■ MATERIAL FOR THIS EXERCISE ■
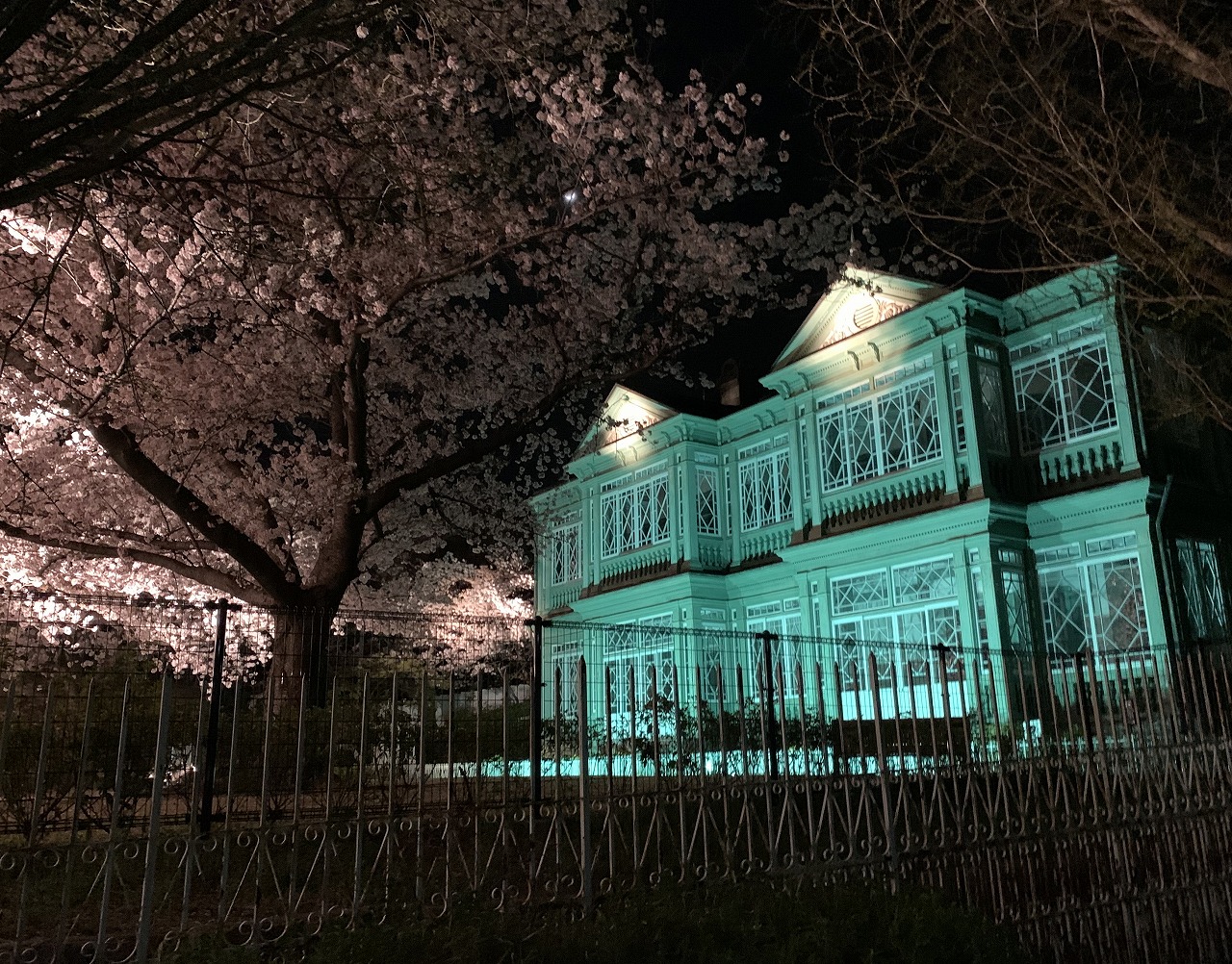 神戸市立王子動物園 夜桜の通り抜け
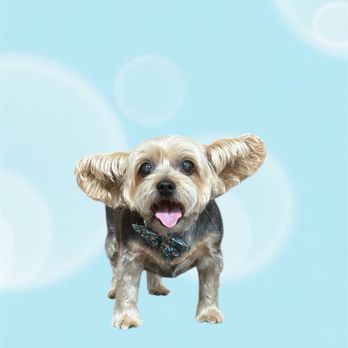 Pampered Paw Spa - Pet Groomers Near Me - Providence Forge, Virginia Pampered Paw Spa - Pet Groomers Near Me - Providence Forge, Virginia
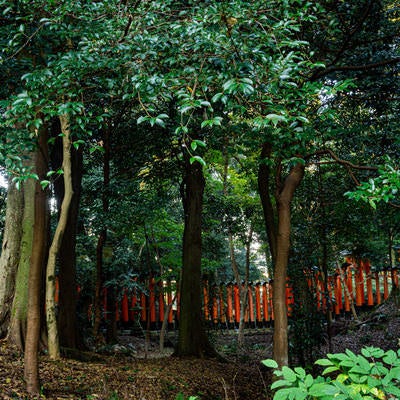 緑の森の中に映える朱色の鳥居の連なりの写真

* * *

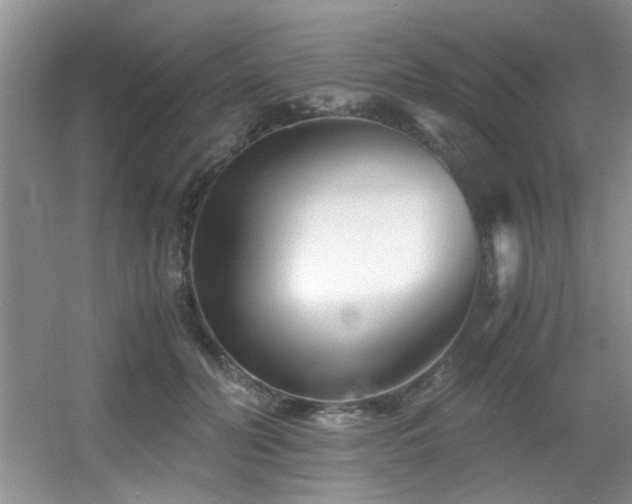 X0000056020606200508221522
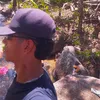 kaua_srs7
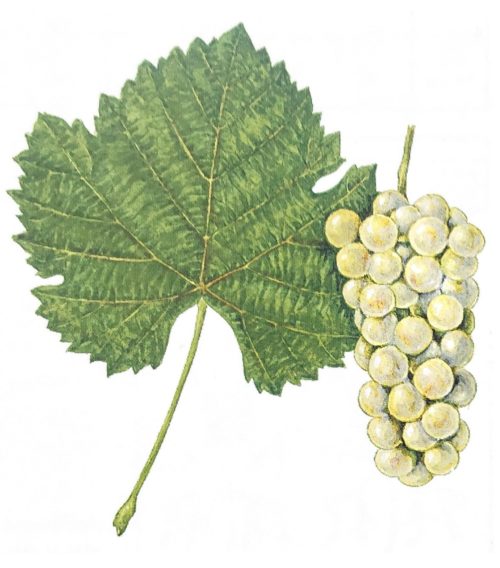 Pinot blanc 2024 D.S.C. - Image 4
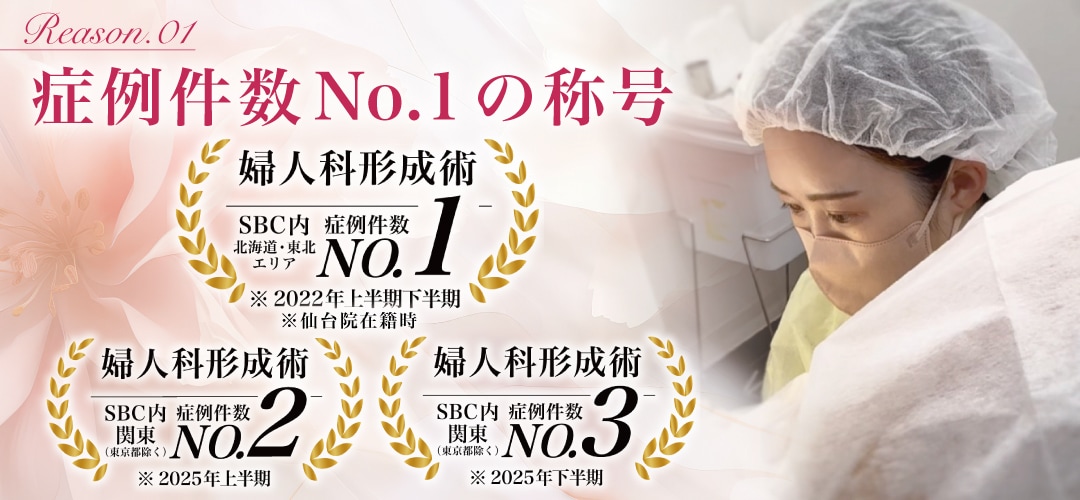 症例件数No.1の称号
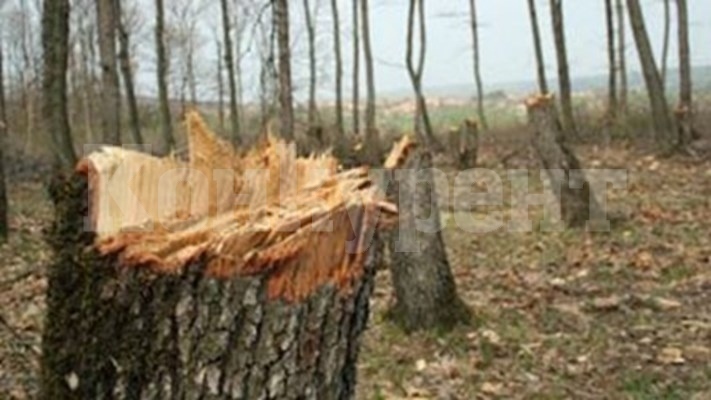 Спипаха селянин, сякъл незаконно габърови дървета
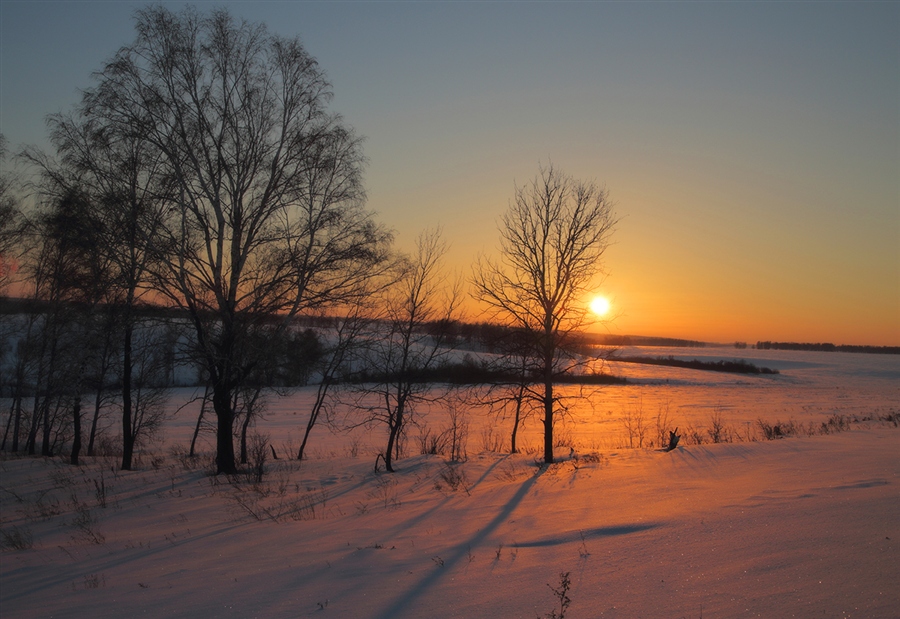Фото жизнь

■ WORK TASK ■
For this exercise, set down the lines in the entries above from the one with "Forge, Virginia Pampered" through the one with "緑の森の中に映える朱色の鳥居の連なりの写真" exactly as written, without any pictures.

■ OUTPUT ■
 Pampered Paw Spa - Pet Groomers Near Me - Providence Forge, Virginia Pampered Paw Spa - Pet Groomers Near Me - Providence Forge, Virginia
 緑の森の中に映える朱色の鳥居の連なりの写真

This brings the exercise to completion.